Ubiquity's manual partitioner is now substantially faster.

Rationale

This has been an ever-increasing source of user complaints, and it would be lovely to spend some time optimising it. We just need to make sure that the time spent doing so isn't open-ended, of course.

Design

Exact optimisation strategies often need to be determined during implementation, but we discussed a number of tools and techniques we might use.

"Scanning disks" is more or less equivalent to pressing Enter on each partition in d-i to fetch information about it, and then going back to the next one. This implies that there are two main avenues of attack: make ubiquity's partitioning wrapper code need to do less work in terms of partman operations, and make partman itself faster.

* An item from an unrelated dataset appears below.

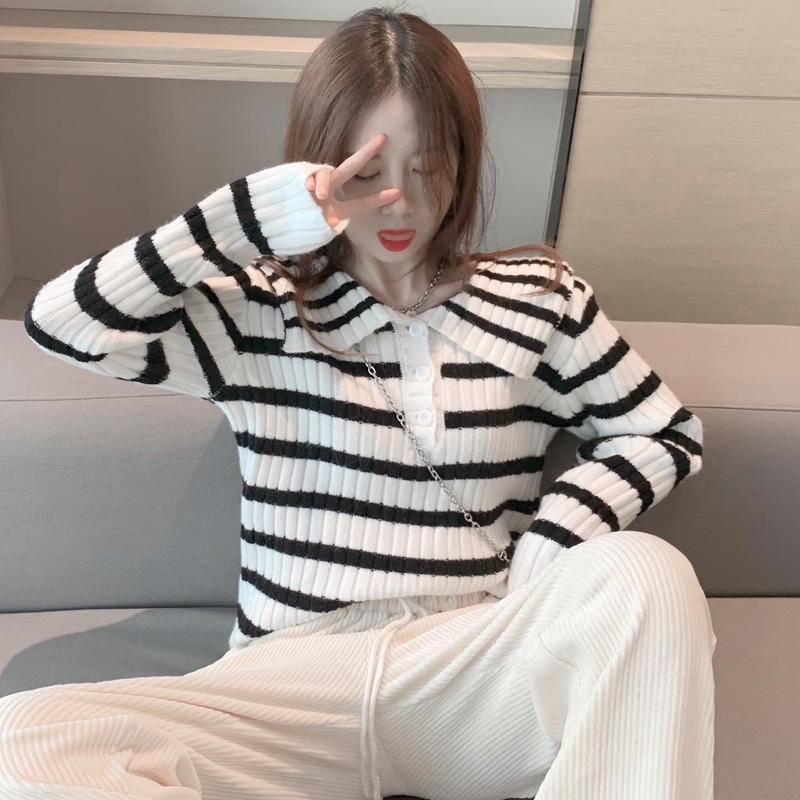 Áo sweater IELGY dệt kim họa tiết kẻ sọc cổ chữ V ôm dáng phong cách phương Tây cho nữ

Reducing partman operations in ubiquity

The way ubiquity scans all partitions incidentally involves asking partman to "redisplay" the partition tree at each step, even though no changes have been made. We should be able to cache or avoid this for a speed-up on the order of 50%.

Ubiquity's partitioner is a trade-off between maintainability and efficiency. We will identify places where we're asking partman for a relatively small amount of information at high cost, and replace those by using our existing Python bindings to parted_server.

Using cdebconf rather than Perl debconf in ubiquity didn't make a significant speed difference the last time Colin tried it, but we should recheck this. Ubiquity already has a switch for this which would at most just need a small amount of bitrot-fixing. Note, though, that there are some intentional semantic differences between cdebconf and debconf, particularly in the area of the seen flag, so we would need to be very careful of semantics here.

ntfsresize and other resizing tools are called quite often to determine resize bounds of partitions. These are expensive, so we'll figure out how the number of calls here can be reduced.

There are a number of places where we rescan all partitions, even though we can determine that only a certain number of partitions need to be rescanned (for example, resizing a partition only affects the resized partition and the part of the disk immediately following it). We will assess and reduce these.

The partition bar construction in cairo is quite slow; it apparently repeatedly calls os-prober, and the caching attempt seems not to be working.

There is a long pause after the partitioner while a check script runs du to find out the size of /rofs. We will do this statically when building the live filesystem instead.

Speeding up partman

Progress on this in the past has been blocked on the absence of a good shell profiling tool; strace is too intrusive and tends to disturb timings too much, and in any case does not make it easy to see the big picture. During the UDS session, bootchart was pointed out as a promising tool here. We'll apply this to manual partitioning sessions. The main focus should be on choices scripts in /lib/partman and their descendants, since those are used to generate menus and inefficiencies here will be very noticeable.

(Implementation note: it turns out that bootchart is too cumbersome, and the images it generates are very large and don't contain quite the right kind of information anyway. In practice, changing /lib/partman/lib/base.sh to log $0 and the timestamp (date --rfc-3339=ns) each time it's sourced seems to be quite sufficient for practical, lightweight profiling.)

Implementation

UI Changes

Even with speed increases, the pop-up progress window is jarring. We will follow up on 336751 to restyle this.

Test/Demo Plan

We'll designate a test system for timings, which will probably be a virtual machine on Colin's laptop (though of course anyone can do similar timings from Karmic->Lucid on some other system). The most important attribute is the partition layout, and we already know that the partitioner is slow when there are lots of partitions, so we will time a system containing two disks with eight partitions each.

A sensible goal seems to be to get the time for "Scanning disks" on such a system down to 20% of the time in Karmic.


CategorySpec